EXERCISE DETAILS –
All of the listing is to be written out word for word, with the pictures left out.

DATA –
┄┄┄┄┄┄┄┄┄┄

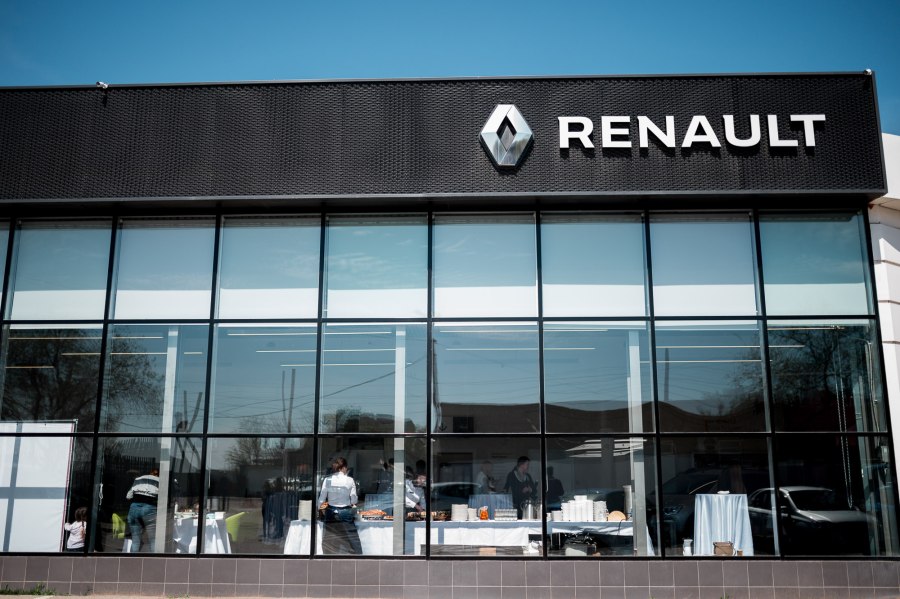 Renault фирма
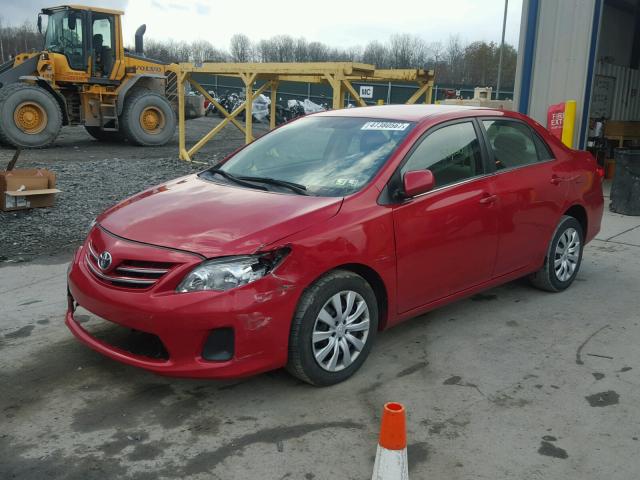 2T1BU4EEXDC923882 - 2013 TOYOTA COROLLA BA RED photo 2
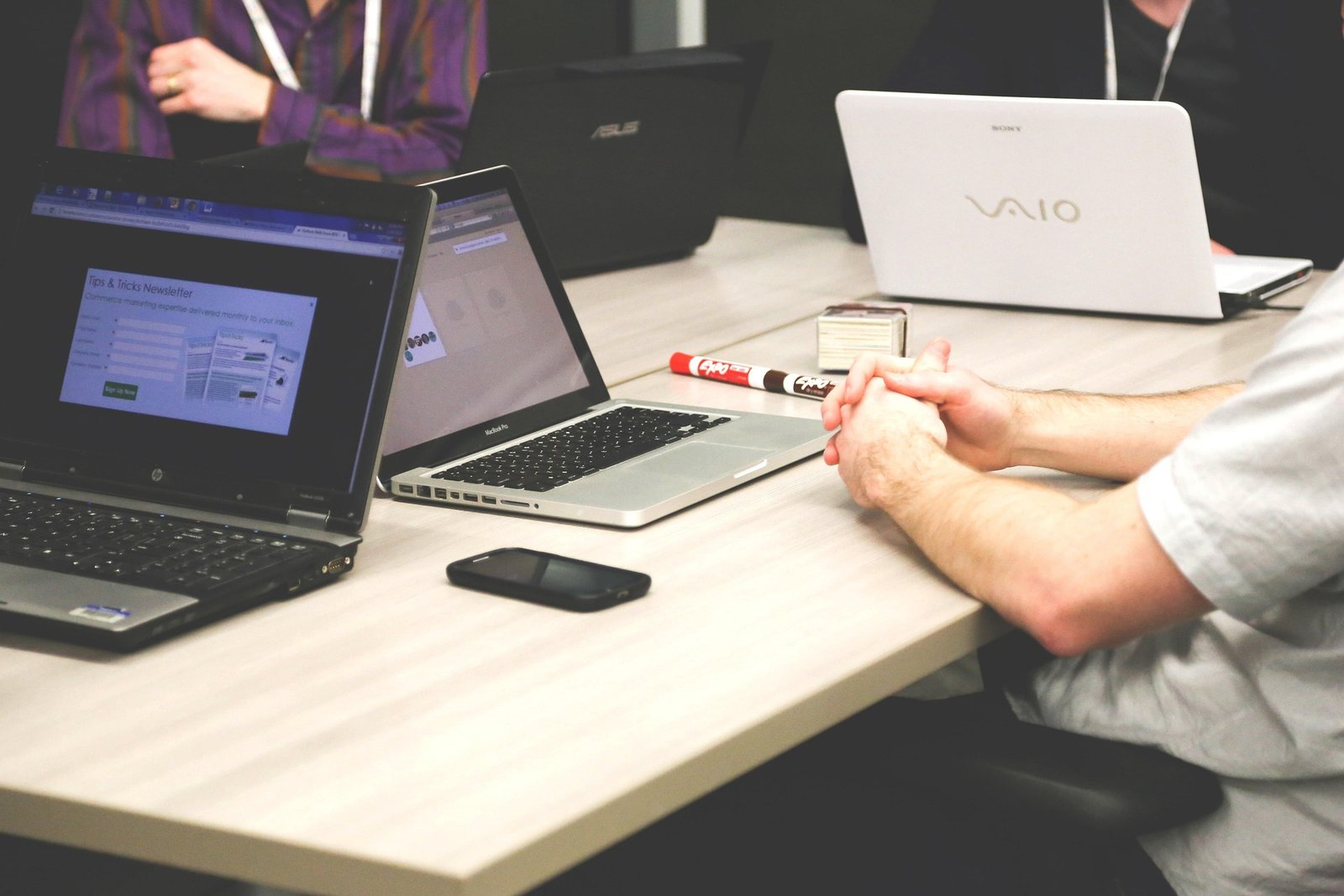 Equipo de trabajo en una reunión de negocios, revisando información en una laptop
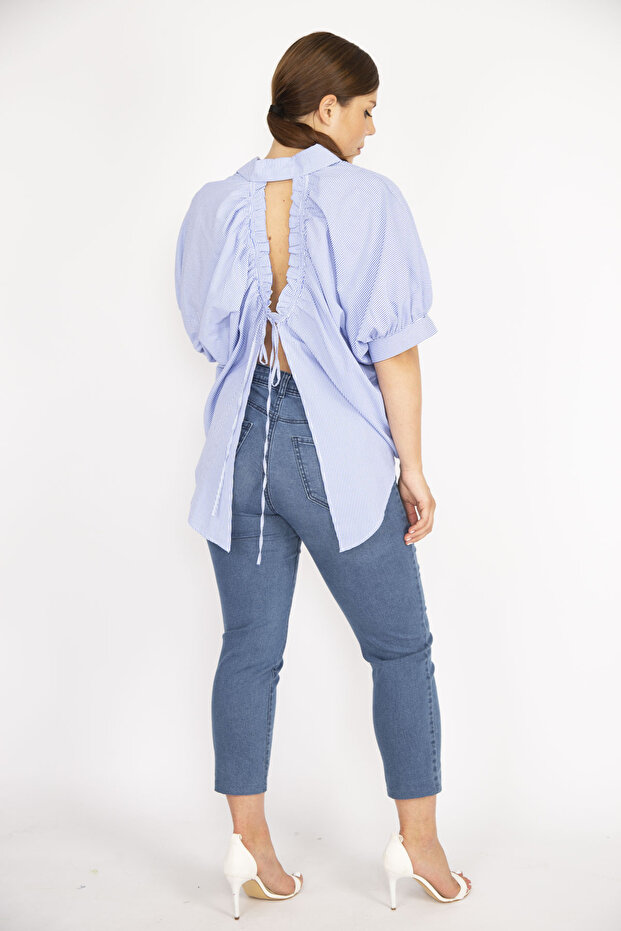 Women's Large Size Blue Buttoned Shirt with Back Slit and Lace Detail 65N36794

┄┄┄┄┄┄┄┄┄┄

RESULT OF THIS TASK –
 Renault фирма
 2T1BU4EEXDC923882 - 2013 TOYOTA COROLLA BA RED photo 2
 Equipo de trabajo en una reunión de negocios, revisando información en una laptop
 Women's Large Size Blue Buttoned Shirt with Back Slit and Lace Detail 65N36794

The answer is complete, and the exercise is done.